34431 - Advanced Production Systems M

Learning outcomes

The aim of the course is to provide innovative and advanced topics for the planning and the management of a production system, with particular emphasis on the stock management and distribution. The complete development of a case industry and the introduction of specific software for the analysis and the planning allow to evaluate the application of the above mentioned topics to a real context.

Course contents

The aim of the course is to give innovative and advanced elements for the production system design and management such as Lean Manufacturing System, Lean Supply Chain, Industry 4.0. 

 

Requirements/Prior Knowledge:

A prior knowledge and understanding of industrial plants and logistics is required to attend with profit this course. in addition, students shoud master the mean terminology of production systems and supply chain management.

Fluent spoken and written Italian is a necessary pre-requisite: all lectures and tutorials, and all study material will be in Italian.

Course Contents:

INTRODUCTION TO LEAN MANUFACTURING AND LEAN SUPPLY CHAIN*

Lean Manufacturing Systems and Cell Design.
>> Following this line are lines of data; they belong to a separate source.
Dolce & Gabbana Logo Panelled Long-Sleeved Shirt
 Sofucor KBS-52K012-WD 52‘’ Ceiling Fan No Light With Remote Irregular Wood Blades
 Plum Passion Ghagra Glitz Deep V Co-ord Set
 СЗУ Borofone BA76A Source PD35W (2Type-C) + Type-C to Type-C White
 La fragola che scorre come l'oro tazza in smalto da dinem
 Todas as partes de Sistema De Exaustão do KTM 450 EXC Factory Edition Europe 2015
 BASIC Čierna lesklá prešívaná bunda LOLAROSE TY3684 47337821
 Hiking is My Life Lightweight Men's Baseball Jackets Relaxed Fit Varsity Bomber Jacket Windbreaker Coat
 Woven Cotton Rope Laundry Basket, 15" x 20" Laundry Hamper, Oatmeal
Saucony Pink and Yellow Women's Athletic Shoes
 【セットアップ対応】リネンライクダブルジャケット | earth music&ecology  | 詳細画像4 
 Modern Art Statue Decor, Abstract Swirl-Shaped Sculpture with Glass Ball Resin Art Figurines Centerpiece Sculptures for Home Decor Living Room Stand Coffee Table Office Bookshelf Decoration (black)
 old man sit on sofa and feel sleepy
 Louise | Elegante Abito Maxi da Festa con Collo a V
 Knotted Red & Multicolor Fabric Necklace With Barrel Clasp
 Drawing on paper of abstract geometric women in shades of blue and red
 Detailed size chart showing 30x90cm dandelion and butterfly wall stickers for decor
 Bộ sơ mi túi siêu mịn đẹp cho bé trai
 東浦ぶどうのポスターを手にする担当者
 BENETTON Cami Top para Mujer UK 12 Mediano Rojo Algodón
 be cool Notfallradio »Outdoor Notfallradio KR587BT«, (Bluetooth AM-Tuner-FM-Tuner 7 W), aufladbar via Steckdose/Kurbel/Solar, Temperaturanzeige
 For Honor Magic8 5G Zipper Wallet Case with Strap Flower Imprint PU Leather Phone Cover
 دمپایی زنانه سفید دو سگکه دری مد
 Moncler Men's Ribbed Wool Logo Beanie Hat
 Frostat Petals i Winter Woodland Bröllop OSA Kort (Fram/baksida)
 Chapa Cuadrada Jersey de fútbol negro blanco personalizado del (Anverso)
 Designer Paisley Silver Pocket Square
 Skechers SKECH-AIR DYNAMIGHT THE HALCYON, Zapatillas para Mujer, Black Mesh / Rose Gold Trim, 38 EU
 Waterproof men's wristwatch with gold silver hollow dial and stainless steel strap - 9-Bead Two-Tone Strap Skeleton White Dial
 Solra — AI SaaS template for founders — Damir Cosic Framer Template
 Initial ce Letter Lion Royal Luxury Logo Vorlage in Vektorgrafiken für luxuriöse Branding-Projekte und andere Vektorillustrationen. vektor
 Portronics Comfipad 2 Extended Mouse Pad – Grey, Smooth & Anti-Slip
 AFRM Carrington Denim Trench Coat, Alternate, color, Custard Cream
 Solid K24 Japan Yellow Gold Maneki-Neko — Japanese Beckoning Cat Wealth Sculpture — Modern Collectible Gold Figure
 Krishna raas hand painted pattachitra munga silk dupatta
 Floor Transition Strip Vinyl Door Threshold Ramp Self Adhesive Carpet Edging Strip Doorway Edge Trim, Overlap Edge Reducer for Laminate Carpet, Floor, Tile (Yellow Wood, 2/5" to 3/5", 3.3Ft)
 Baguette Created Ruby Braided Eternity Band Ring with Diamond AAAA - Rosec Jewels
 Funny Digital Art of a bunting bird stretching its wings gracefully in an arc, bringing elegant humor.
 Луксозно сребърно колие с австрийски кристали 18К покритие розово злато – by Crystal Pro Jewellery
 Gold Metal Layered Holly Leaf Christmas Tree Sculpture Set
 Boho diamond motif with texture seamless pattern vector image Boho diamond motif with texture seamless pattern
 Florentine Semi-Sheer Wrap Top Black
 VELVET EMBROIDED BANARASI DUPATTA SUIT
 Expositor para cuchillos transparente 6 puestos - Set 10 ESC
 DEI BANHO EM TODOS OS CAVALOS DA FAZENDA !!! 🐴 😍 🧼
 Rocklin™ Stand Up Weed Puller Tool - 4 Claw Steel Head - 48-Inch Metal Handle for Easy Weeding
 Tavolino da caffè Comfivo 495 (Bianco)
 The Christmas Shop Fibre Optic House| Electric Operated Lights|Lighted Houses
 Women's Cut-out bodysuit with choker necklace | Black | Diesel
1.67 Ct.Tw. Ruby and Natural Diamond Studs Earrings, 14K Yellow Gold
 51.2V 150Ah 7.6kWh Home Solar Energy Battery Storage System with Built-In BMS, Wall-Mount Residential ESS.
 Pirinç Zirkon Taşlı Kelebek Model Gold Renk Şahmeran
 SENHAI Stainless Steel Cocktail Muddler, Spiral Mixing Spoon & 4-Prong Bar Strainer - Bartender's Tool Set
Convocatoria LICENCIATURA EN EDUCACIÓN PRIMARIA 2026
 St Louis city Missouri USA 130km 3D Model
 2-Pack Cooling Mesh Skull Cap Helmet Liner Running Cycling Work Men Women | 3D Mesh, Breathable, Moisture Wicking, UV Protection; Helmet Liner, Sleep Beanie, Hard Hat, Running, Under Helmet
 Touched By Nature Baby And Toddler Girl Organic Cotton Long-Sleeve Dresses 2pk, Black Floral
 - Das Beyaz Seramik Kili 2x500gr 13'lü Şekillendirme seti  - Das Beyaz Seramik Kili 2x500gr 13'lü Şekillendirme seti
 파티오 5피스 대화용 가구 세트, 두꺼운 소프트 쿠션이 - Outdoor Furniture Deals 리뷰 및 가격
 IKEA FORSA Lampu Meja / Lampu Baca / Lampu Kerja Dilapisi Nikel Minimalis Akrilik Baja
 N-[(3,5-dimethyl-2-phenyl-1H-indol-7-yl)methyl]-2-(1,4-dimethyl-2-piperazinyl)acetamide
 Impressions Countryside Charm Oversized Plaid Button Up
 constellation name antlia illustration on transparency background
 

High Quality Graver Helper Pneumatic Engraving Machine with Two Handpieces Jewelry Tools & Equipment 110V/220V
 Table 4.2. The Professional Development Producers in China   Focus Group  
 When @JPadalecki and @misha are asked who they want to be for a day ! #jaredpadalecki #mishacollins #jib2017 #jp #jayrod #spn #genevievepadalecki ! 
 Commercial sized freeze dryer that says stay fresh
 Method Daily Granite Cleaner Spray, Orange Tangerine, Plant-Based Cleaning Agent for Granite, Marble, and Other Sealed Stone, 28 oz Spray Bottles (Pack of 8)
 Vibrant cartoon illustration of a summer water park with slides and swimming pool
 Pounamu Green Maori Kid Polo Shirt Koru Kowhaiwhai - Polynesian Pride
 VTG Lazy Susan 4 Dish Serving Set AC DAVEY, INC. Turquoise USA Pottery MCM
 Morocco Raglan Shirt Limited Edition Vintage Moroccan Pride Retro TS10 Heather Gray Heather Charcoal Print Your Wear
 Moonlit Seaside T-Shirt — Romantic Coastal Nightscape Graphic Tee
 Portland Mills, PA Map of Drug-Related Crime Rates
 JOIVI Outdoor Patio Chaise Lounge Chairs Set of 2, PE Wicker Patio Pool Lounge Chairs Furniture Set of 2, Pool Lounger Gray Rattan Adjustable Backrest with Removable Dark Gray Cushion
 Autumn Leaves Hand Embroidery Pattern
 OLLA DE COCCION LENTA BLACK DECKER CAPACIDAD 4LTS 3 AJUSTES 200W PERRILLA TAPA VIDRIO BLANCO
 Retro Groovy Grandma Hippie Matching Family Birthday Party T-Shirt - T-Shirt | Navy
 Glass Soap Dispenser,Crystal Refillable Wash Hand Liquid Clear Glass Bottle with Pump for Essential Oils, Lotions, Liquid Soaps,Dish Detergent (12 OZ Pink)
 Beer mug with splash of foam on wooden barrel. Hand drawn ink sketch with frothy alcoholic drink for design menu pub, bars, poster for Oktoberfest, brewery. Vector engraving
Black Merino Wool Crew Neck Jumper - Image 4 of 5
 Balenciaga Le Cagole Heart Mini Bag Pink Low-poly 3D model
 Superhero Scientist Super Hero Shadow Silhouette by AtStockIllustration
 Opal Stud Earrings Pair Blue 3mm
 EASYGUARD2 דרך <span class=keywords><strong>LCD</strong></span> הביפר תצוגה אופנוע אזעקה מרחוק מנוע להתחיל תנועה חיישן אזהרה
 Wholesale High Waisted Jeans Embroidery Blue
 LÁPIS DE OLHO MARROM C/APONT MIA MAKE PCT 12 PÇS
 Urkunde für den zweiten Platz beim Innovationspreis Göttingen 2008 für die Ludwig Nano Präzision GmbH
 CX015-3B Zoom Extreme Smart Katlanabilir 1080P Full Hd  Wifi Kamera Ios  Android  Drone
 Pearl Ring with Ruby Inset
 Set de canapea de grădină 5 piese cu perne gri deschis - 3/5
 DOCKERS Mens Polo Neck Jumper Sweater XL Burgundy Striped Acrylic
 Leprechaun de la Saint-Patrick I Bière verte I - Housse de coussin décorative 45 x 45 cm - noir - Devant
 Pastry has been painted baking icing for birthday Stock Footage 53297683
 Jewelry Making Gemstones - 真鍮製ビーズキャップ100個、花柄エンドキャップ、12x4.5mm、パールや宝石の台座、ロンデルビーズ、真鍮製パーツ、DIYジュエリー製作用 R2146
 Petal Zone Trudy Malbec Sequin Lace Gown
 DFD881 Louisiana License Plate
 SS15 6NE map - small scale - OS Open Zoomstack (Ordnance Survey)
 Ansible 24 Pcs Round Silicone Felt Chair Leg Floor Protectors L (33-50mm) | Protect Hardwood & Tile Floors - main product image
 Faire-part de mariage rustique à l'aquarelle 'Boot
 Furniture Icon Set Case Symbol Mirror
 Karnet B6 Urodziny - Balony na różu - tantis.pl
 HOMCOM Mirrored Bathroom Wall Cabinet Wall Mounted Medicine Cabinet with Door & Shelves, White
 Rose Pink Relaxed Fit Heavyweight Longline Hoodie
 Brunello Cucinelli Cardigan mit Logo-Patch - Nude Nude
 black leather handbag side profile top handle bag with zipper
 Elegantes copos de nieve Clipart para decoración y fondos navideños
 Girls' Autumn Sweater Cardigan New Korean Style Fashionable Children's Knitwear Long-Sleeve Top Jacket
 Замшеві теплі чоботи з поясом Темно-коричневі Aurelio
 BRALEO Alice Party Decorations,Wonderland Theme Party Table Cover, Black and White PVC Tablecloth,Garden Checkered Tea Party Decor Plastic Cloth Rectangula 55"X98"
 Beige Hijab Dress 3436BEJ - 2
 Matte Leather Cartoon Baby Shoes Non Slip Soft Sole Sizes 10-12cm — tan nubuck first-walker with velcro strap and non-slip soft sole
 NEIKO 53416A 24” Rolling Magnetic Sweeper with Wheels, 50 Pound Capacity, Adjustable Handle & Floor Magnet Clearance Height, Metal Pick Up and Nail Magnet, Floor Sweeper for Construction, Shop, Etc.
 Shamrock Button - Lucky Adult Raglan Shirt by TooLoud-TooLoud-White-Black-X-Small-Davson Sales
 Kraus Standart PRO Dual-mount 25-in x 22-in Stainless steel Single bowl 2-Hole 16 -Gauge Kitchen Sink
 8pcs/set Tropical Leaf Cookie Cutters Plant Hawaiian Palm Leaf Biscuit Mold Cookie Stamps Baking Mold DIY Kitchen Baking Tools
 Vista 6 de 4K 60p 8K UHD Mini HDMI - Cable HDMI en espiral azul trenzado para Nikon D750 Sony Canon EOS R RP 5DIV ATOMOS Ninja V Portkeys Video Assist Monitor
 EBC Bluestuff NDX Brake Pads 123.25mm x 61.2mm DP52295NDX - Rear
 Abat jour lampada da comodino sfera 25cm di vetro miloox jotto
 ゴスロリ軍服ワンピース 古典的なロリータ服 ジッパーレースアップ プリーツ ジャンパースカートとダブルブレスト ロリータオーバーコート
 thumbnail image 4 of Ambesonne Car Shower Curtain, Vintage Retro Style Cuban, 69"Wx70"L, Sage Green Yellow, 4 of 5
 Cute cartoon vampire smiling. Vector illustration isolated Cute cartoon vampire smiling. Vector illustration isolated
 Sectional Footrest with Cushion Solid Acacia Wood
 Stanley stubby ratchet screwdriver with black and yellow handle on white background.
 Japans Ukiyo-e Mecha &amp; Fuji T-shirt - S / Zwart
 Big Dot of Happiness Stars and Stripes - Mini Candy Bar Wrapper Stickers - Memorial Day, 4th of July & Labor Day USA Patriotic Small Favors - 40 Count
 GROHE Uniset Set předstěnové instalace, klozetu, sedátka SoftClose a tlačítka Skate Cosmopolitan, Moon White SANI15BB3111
The Toyota Production System (TPS). The instruments of lean production; The ten steps of lean production: 1. re-engineer the manufacturing system; 2. setup reduction; 3. integrate the quality control into the system; 4. integrate preventive maintenance; 5. level, balance, sequence, synchronize; 6. production control; 7. reduce WIP; 8. integrated suppliers; 9. autonomation; 10. CIM. World Class Manufacturing: principles and ten pillars. Introduction to Industry 4.0.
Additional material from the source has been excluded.